I didn't go to a photography school, and it was one of the best professional decisions I've ever made.

Now, before some of you get all up in arms, let me say that while it was the best decision for me, it may not be for you. On the other hand, it may.

At the end of the day, you have to make that choice for yourself. What I'm offering here is information from my experience and perspective that may help you in your decision, not a hard-fast opinion for everyone.

“Rather than go to film school, get a camera and make a movie.” - Quentin Tarantino


  • I have no college debt to speak of.
  • I was forced to learn real-world and applicable lessons rather than theoretical knowledge.
  • I was able to learn at my own pace and only study what I wanted.
  • I didn't have to spend time on classes that didn't apply to my chosen profession.
  • The decision for a client to hire me never factors in whether or not I have a photojournalism degree.
  • I wasn't influenced by what is "right," which allowed me to find my own style more organically.


  • Having professionals at my disposal whose job is to tell me what they know.
  • Many photography programs offer resources and equipment to students. That would have been nice!
  • Potential networking opportunities.
  • A streamlined curriculum for learning my skill and trade.
  • Discovering other knowledge from non-photo-related classes.
  • The college "social" experience. (This is almost a moot point though.)

Why I Didn't Go to Photo School:

During my senior year of high school, I started to really consider my options. It had long since become clear to me that I would either be a professional artist of some kind or work a "normal job" and do art on the side. Being from Atlanta, I looked into S.C.A.D. (Savannah College of Art & Design) with a specific interest in a degree in photojournalism.

I was excited to go, but as soon as the dollar signs from tuition and all of the other nameless fees began to stack, I started to rethink my decision. Not to mention, what was I even going to do with a degree in photojournalism? Teach? Nah! I just wanted to take photos!

This is the age of Google! We have ever-expanding knowledge at our fingertips!

I quickly decided that I would just learn on my own and went out and got a shit job and a shit camera.


If you decide to take a path similar to mine, I have some advice for you that I wish I'd had.

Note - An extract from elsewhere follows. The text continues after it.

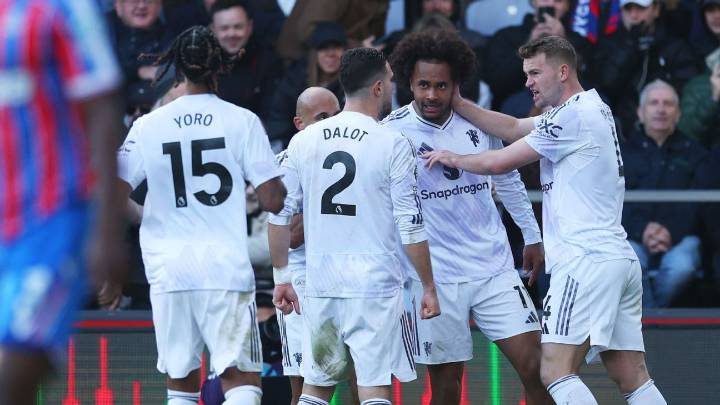 Zirkzee leads Man United comeback in game of two halves vs. Palace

  • Be systematic and intentional. You don't necessarily have to create your own curriculum, but decide on areas and subjects of study and work through them diligently. Spend time on just composition, or just color theory, or just technical details, etc. This system of learning naturally expands on itself and becomes a forever-rotation of education. And that's amazing because you never want to stop learning!
  • If you take any classes, TAKE A BUSINESS CLASS! Do this especially if you're like me (more art brain — less business brain) since the logistical and administrative side of earning a living as an artist will not come easy. Learning things about photography is fun and joyful! Find some help so that you can get a good handle on the other side of this coin.
  • Learn some marketing. There are many folks out there who will be doing the same overall thing that you are. Learn how to stand out and tell people about it!
  • Get comfortable with hearing, "No." It's something that you'll hear a lot of. It often comes with hearing nothing at all. You just have to keep going.
  • Do personal work! This is something that I stress to other artists as often as I can. The benefits of doing personal projects and work are hard to overstate. When you make personal work a part of your regular routine, you learn to develop your individual voice and style and show others how you are unique. You can't do all of that with only paid projects.

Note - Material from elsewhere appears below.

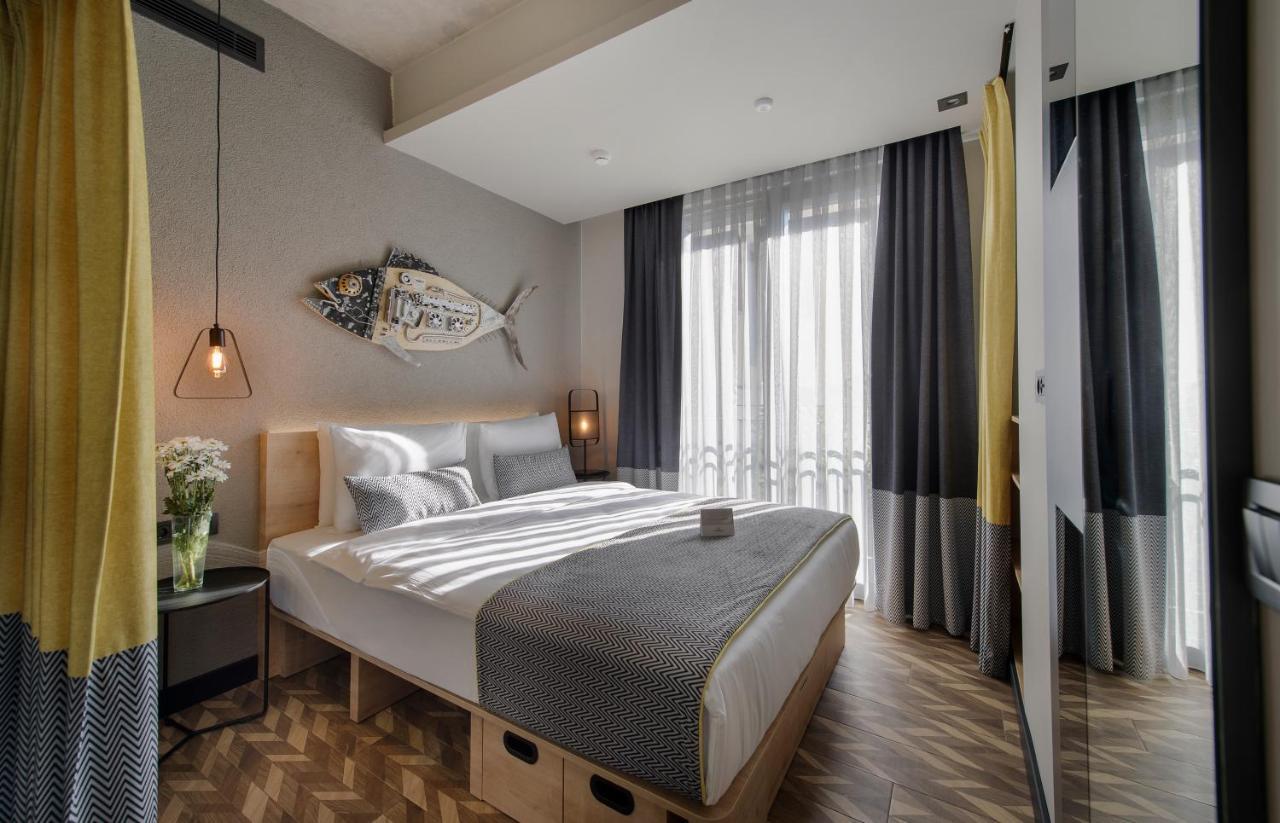 One-Bedroom Apartment LARGE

Many years later, I'm still glad to have made the decision that I did. The fact that it turned out well has been thanks to a bit of dumb luck, a few hard lessons learned, and a lot of persistence. My "education" still came at a price–it just looked different from the tuition fees at S.C.A.D.

Continuing education in a formal setting provides loads of benefits–great benefits!–and may be the best option for you and how you learn. It doesn't have to be the only option, though.